§ INFORMATION SHOWN:
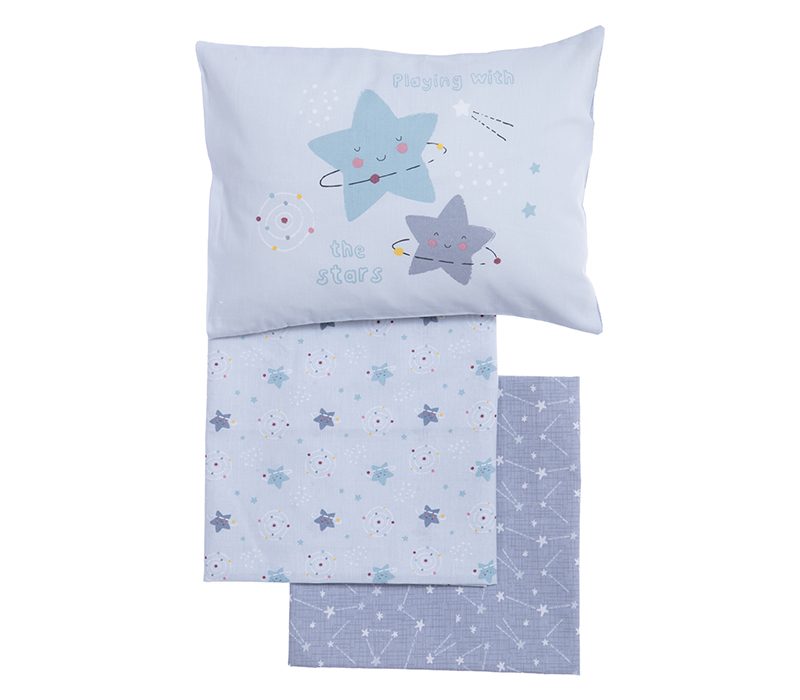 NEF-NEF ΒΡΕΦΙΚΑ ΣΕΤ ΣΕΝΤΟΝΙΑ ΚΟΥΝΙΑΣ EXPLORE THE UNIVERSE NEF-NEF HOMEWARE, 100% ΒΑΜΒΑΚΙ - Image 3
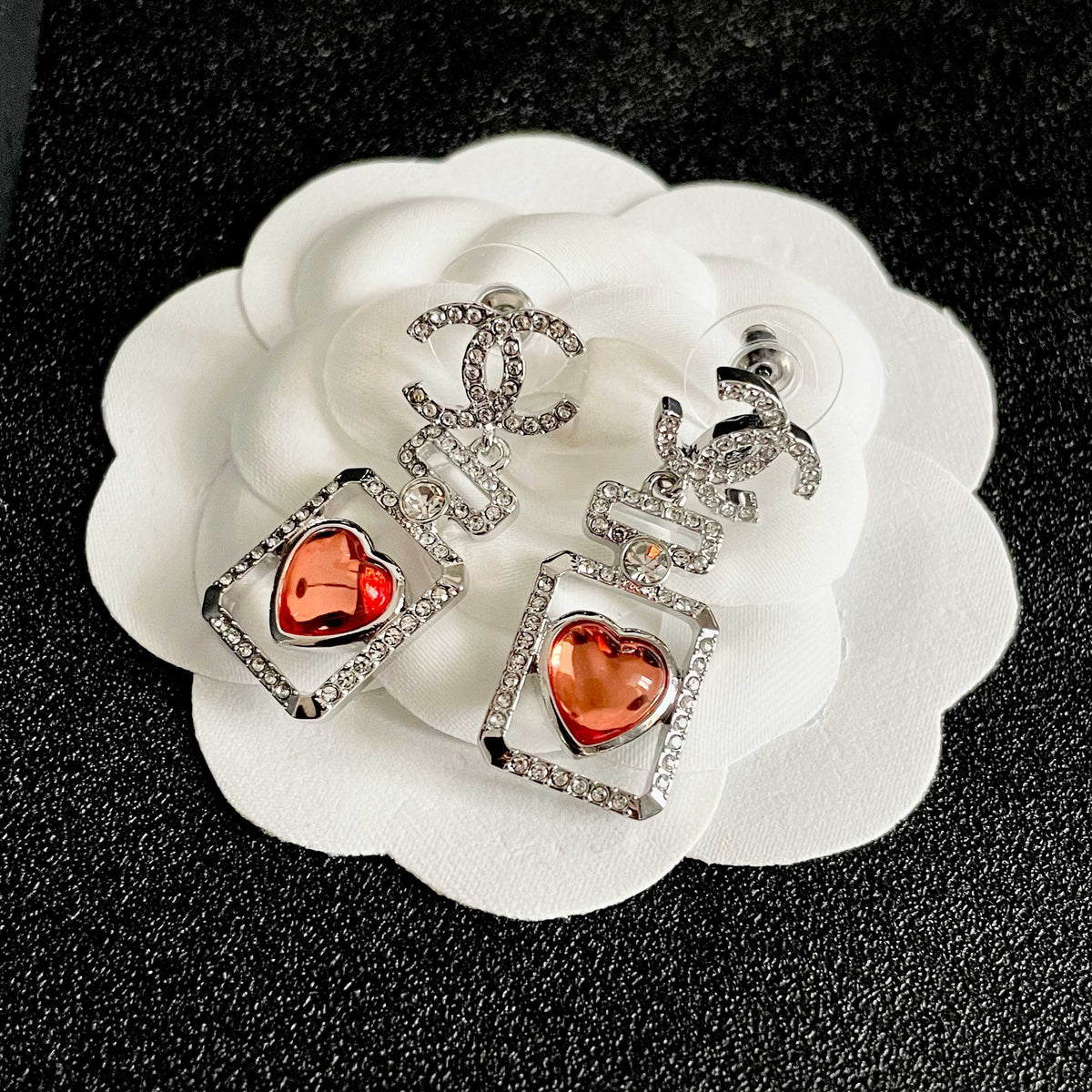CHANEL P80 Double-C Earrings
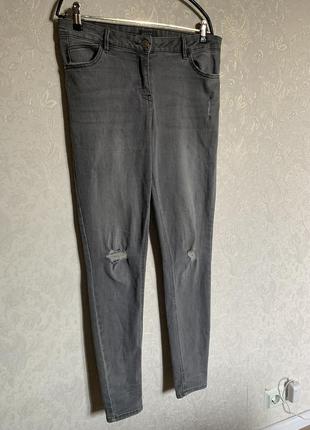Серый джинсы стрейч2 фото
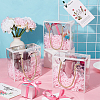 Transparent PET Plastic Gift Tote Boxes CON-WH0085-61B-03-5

§ GOAL OF THE EXERCISE:
Please output each line above exactly and omit all images.

§ RESPONSE AREA:
 NEF-NEF ΒΡΕΦΙΚΑ ΣΕΤ ΣΕΝΤΟΝΙΑ ΚΟΥΝΙΑΣ EXPLORE THE UNIVERSE NEF-NEF HOMEWARE, 100% ΒΑΜΒΑΚΙ - Image 3
CHANEL P80 Double-C Earrings
Серый джинсы стрейч2 фото
 Transparent PET Plastic Gift Tote Boxes CON-WH0085-61B-03-5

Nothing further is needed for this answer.